> Exercise directions:
Will you output the entries below exactly, skipping every image they contain?

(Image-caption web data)
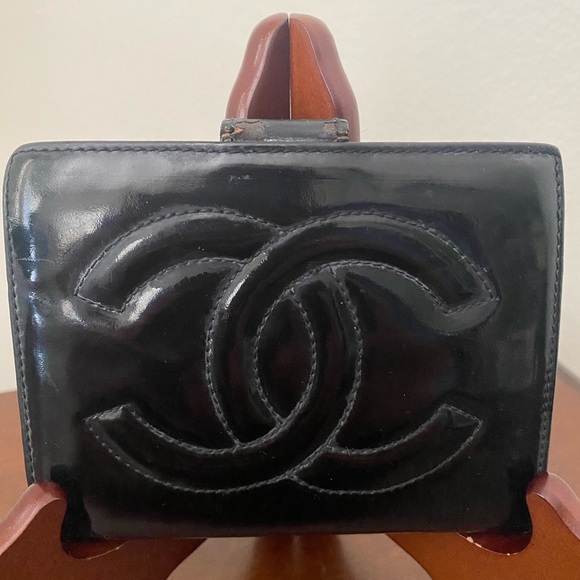 Chanel Black Patent Leather Wallet/Iconic Interlocking CC Logo - Picture 2 of 9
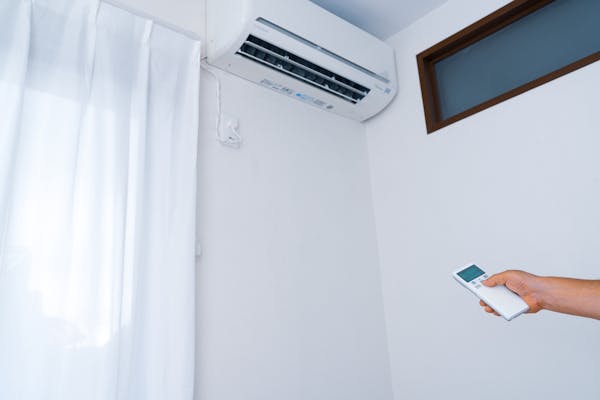 エアコンの電気代の目安は 計算方法から節約のコツまで徹底解説 ミツモア エアコンの電気代の目安は 計算方法から節約のコツまで徹底解説 ミツモア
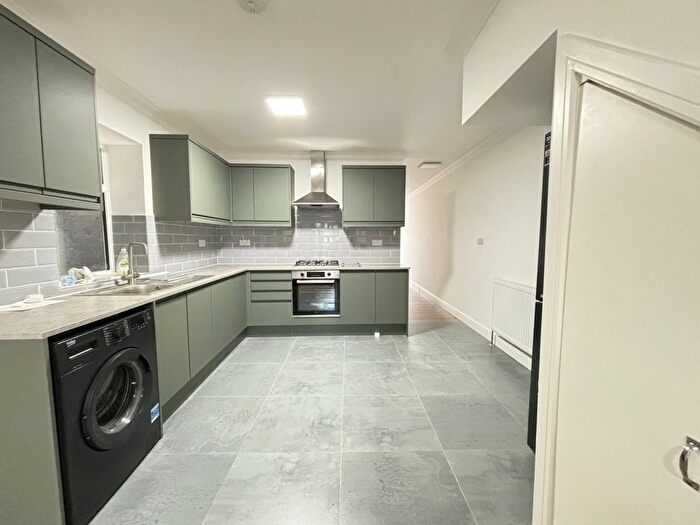 1 Bedroom Flat To Rent In Baron Gardens, Ilford, IG6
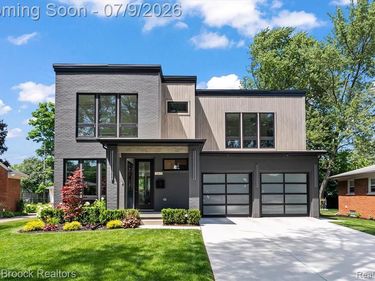 1673 Hazel Street, Birmingham, MI 48009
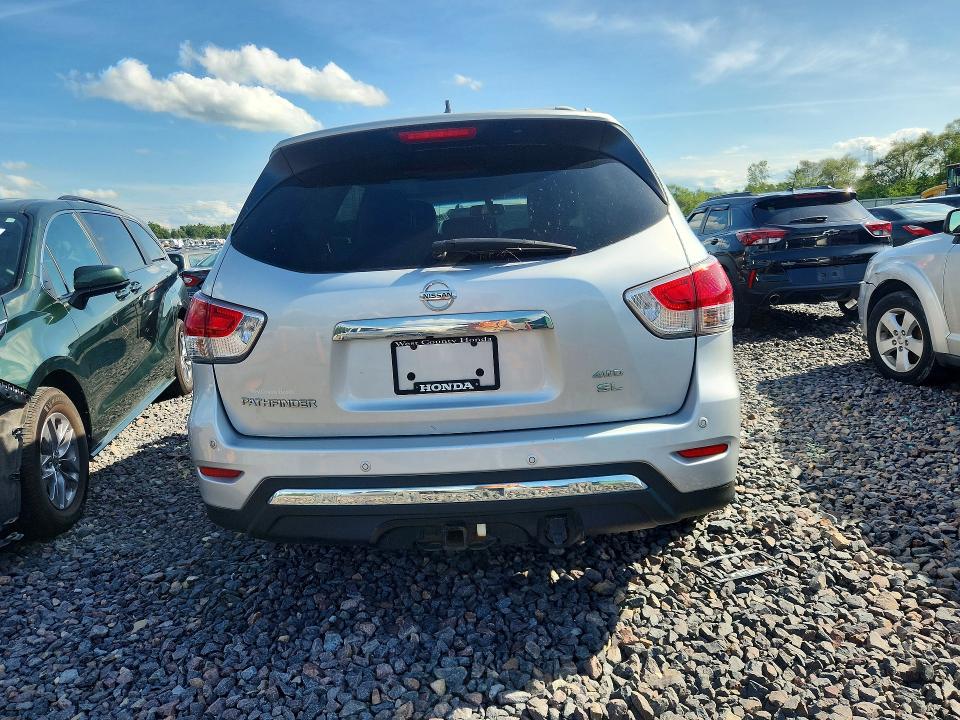 Photo 6 from auction – 2013 NISSAN PATHFINDER with VIN 5N1AR2MM4DC690029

> Result for this task:
 Chanel Black Patent Leather Wallet/Iconic Interlocking CC Logo - Picture 2 of 9
 エアコンの電気代の目安は 計算方法から節約のコツまで徹底解説 ミツモア エアコンの電気代の目安は 計算方法から節約のコツまで徹底解説 ミツモア
 1 Bedroom Flat To Rent In Baron Gardens, Ilford, IG6
 1673 Hazel Street, Birmingham, MI 48009
 Photo 6 from auction – 2013 NISSAN PATHFINDER with VIN 5N1AR2MM4DC690029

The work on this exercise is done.